La stabilité et la paix au Mali dépendent du règlement de la question touareg
Même si les médias ont tendance à mettre sous le projecteur la nébuleuse islamiste représentée essentiellement par les groupes rebelles Ançar Eddine et AQMI, la présence de ces derniers est bien récente et les véritables maîtres du Nord-Mali sont les rebelles touareg dont les revendications autonomistes remontent à la période coloniale. L’État malien qui renaît de ce conflit interne réussira-t-il à instituer la «Nation malienne» à travers la création d’un espace national où la cohabitation des différentes «nations» se fera sans péril ?
Le nouveau gouvernement issu de l’élection post-conflit semble visiblement avoir pris la mesure des enjeux.
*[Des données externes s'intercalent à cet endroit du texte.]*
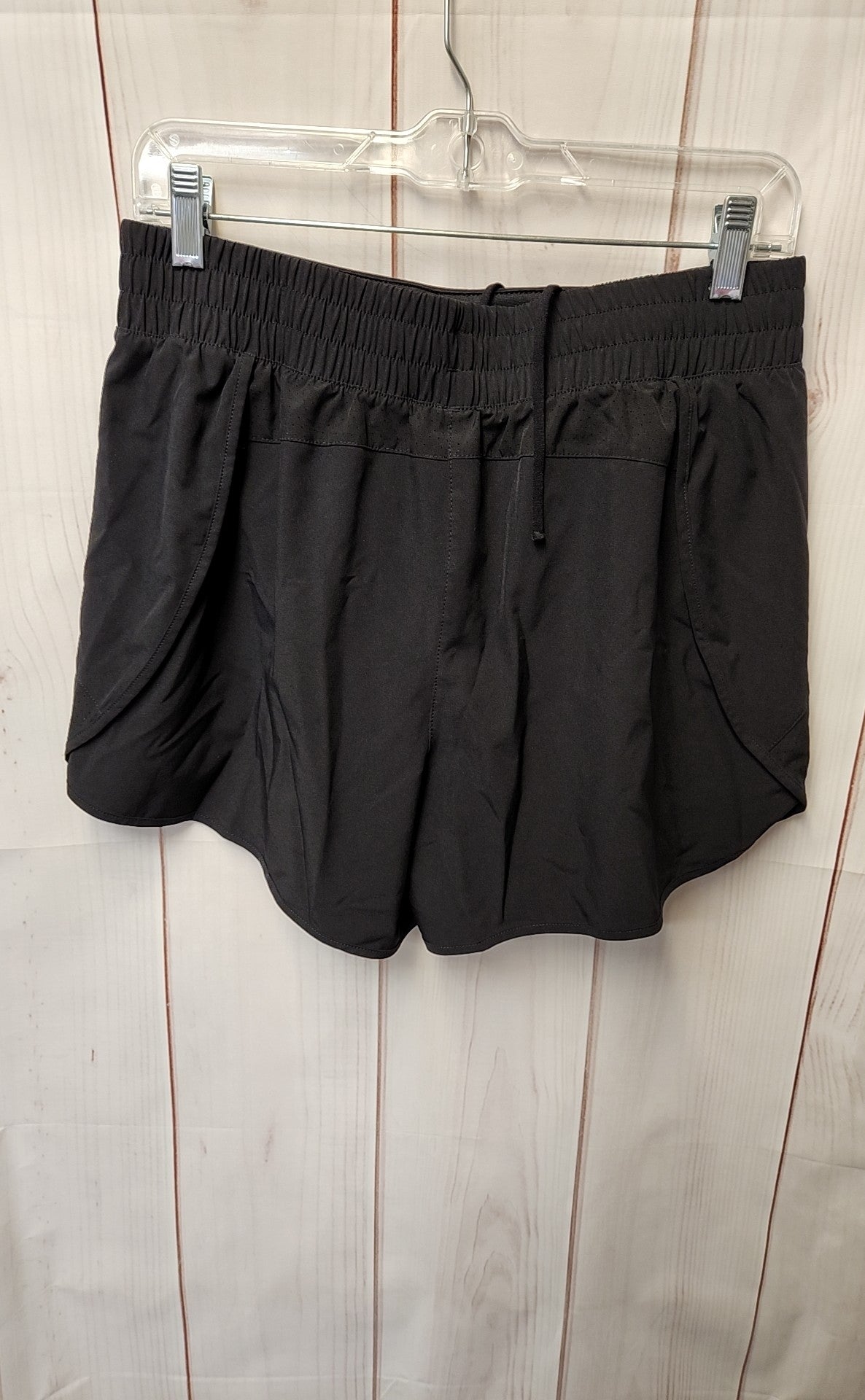 Avia Women's Size M Black Shorts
Il s’est fixé comme priorité la réconciliation nationale à laquelle un ministère a été dédié. Il s’agit d’instaurer un dialogue entre les communautés et notamment entre les Touaregs, les Songhay, les Peuls et les Arabes. Toute la difficulté est de réconcilier des populations que les violences intercommunautaires ont rendues méfiantes les unes envers les autres et pour qui la justice rime souvent avec vengeance. Le Mali devrait tirer des leçons des expériences antérieures d’autres pays tels que la Sierra Leone, le Libéria, la Côte d’Ivoire, etc. Mais il devra davantage tracer sa propre trajectoire vers la réconciliation nationale ; et cela, courageusement, en s’avouant ses erreurs au confessionnal de sa propre histoire, en faisant le deuil de la domination d’une communauté par une autre. Dans cette perspective, soulignons la nomination, comme ministre des Affaires étrangères, Zahabi Ould Sidi Mohamed, un Arabe et ex-chef rebelle du Front islamique arabe de l’Azawad. Il préfigure le nouveau visage du Mali réconcilié et unifié. Mais verra-t-on de sitôt ce visage du Mali ?
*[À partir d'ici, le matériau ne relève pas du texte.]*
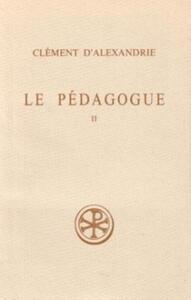 SC 108 LE PEDAGOGUE - LIVRE 2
L’avenir des négociations inter-maliennes dépendra aussi de la crédibilité de l’État
La corruption et le laxisme dans la gouvernance avaient discrédité l’État et précipité le pays dans la crise. Si les élections post-conflit confèrent une légitimité aux institutions existantes, elles ne leur confèrent pas nécessairement une crédibilité. Le respect des règles fondamentales entre la population et les leaders politiques, le respect des droits humains, la bonne gouvernance ne découlent pas automatiquement de la tenue d’élections même réussies. La crédibilité de l’État est appréciée a posteriori à travers l’efficacité et l’effectivité des institutions républicaines. Seul un État crédible peut se poser en partenaire crédible dans les négociations entre les acteurs sociétaux et face à une communauté internationale dont la contribution est indispensable. Considéré pendant deux décennies comme un exemple de progrès démocratique en Afrique subsaharienne, le Mali pourrait-il retrouver le chemin de son succès démocratique?